What Happens After a Claim Is Submitted? Understanding the Medical Billing Process
When a medical claim is submitted to an insurance company, many healthcare providers assume the process is mostly complete. In reality, submitting the claim is only the beginning of a much larger process. What happens afterward determines whether the provider receives timely and accurate payment.
Understanding the steps that follow claim submission can help practices identify where delays, denials, and revenue loss often occur.
Claim Transmission and Initial Processing
Once a claim is submitted, it is typically sent electronically through a clearinghouse before reaching the insurance payer. The clearinghouse performs an initial review to check for formatting errors, missing information, or incorrect codes. If issues are detected, the claim may be rejected and returned to the provider for correction before it ever reaches the insurance company.

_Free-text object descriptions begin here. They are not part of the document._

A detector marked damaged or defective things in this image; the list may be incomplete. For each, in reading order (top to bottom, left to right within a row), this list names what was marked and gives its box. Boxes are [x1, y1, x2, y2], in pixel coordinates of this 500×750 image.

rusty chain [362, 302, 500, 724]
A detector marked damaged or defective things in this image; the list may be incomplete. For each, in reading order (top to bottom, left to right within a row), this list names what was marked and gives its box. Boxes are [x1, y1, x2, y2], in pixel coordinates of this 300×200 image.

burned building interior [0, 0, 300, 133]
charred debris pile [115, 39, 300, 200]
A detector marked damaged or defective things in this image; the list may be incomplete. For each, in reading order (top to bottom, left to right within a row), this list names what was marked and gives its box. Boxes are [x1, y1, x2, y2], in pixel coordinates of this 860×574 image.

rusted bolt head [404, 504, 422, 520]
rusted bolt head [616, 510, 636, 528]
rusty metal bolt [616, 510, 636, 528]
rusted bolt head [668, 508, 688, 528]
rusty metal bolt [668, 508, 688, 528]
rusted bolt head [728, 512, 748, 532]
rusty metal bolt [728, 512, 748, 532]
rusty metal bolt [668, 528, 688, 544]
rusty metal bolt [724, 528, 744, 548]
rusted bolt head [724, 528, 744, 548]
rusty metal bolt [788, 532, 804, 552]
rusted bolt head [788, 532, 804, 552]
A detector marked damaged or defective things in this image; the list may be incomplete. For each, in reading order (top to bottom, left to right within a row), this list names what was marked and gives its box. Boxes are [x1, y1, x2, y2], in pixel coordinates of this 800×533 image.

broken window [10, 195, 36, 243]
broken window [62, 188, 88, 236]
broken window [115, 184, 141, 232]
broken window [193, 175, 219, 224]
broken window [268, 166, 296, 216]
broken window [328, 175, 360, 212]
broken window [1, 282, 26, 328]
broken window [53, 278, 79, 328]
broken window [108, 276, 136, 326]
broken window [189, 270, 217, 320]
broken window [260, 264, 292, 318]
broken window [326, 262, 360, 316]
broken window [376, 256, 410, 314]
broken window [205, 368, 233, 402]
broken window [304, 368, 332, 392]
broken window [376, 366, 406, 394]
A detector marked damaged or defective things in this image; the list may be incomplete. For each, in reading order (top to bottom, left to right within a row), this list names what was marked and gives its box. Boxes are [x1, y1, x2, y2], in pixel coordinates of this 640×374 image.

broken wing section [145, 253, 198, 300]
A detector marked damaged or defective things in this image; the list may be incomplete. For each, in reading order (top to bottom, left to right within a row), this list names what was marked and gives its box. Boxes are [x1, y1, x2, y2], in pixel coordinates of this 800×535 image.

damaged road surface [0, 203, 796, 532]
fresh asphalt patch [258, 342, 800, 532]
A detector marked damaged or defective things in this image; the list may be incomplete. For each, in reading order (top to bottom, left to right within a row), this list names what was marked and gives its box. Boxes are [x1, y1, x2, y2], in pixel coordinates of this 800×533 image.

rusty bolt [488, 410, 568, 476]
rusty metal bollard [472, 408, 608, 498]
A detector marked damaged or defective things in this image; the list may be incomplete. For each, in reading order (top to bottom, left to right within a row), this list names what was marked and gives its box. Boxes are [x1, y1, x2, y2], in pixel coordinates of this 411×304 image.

If the claim passes this stage, it is transmitted to the payer for review.

Insurance Adjudication
After the claim reaches the insurance company, it enters the adjudication process. During this stage, the payer reviews the claim to determine several key factors:
- Whether the patient was eligible for coverage on the date of service
- Whether the service is covered under the patient’s policy
- Whether the coding and documentation support the billed service
- Whether prior authorization was required and obtained
- Whether the provider is credentialed and in network
Based on this review, the insurance company determines the amount they will pay, if any.
Payment or Denial Determination
Following adjudication, the payer issues an Explanation of Benefits (EOB) or Electronic Remittance Advice (ERA). This document explains how the claim was processed and details:
- The amount billed by the provider
- The allowed amount under the payer’s contract
- The portion paid by the insurance company
- Any adjustments or contractual write-offs
- The remaining patient responsibility
If the claim is denied, the EOB or ERA will include a denial reason code explaining why the claim was not paid.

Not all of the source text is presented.